Figure 5:. RasGRP1 overexpression drives spontaneous bone marrow colony formation and S6 signaling.

(A) BM CFU analysis in cytokine-poor (M3231) medium. supplemented with either GM-CSF (GM-CFU) or IL-7 (PreB-CFU). Representative images following 7 days of incubation (100 μm Scale bar). Original magnification 10X. Schematic of baseline signaling assays in whole BM. (B) Clonogenic (CFU) potential of RoLoRiG^+/+Mx1CRE^- and RoLoRiG^+/+Mx1CRE⁺ cells grown in M3231 with 0.01 ng/ml of GM-CSF and inhibitors: GDC0941 (0.1μM), U0126 (5μM) and Rapamycin (0.1μM) (n>4). (C) Clonogenic (PreB-CFU) potential of RoLoRiG^+/+Mx1CRE^- and RoLoRiG^+/+Mx1CRE⁺ cells using 0.1, 1 and 10 ng/ml of IL-7 (n>3). (D) Analysis of baseline p-STAT3 (Y705), p-STAT5 (Y694), p-AKT (S473), p-ERK (T202/Y204), and p-S6 (S235/S236) signals in RoLoRiG^+/+Mx1CRE^- and RoLoRiG^+/+Mx1CRE⁺ total BM, immediately fixed after isolation. Mean fluorescence intensity is depicted by the numerical value. Data is representative of four independent experiments.

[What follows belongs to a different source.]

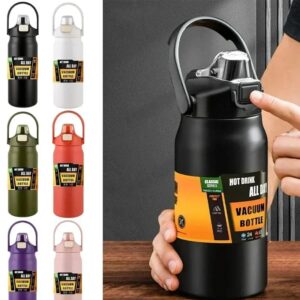 ^ 1L/1.5L Rvs Thermofles Grote Capaciteit Thermo Water Draagbare Vacuüm Mok Thermoskan 1500 ml Geïsoleerde Cup Tumbler - AliExpress 15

Figure 6:. Increased fitness in Native hematopoiesis in RoLoRiG^+/+ mice.

(A) Percentage of LSK in the BM of RoLoRiG^+/+Mx1CRE^- or RoLoRiG^+/+Mx1CRE⁺ mice (n>18). In panel 6A and all subsequent panels in figure 6, data are presented as mean ± SEM. Each symbol represents a single mouse. *p<0.05, **p<0.01, ***p<0.001. (B-F) Percentage of specific developmental stages in the BM RoLoRiG^+/+Mx1CRE^- or RoLoRiG^+/+Mx1CRE⁺ mice, analogous to the developmental gating scheme used in Figure 3. (G) Inclusion of the ires-EGFP cassette allows for specific assessment of the GFP⁺ fraction within each of the hematopoietic subsets within the BM. (H-K) Proportions of GFP⁺ cells within in RoLoRiG^+/+Mx1CRE⁺ mice with or without pIpC injection. (H. LSK; I. MPP, ST-HSC and LT-HSC cells; J. CLP cells; K. MEP, GMP and CMP cells.

Figure 7:. Co-insertion table of SL3-3 leukemia virus insertions.

SL3–3 leukemia virus insertions that resulted in T-ALL in mice were mapped against each other to understand the relationship between the top 8 SL3–3 insertion sites.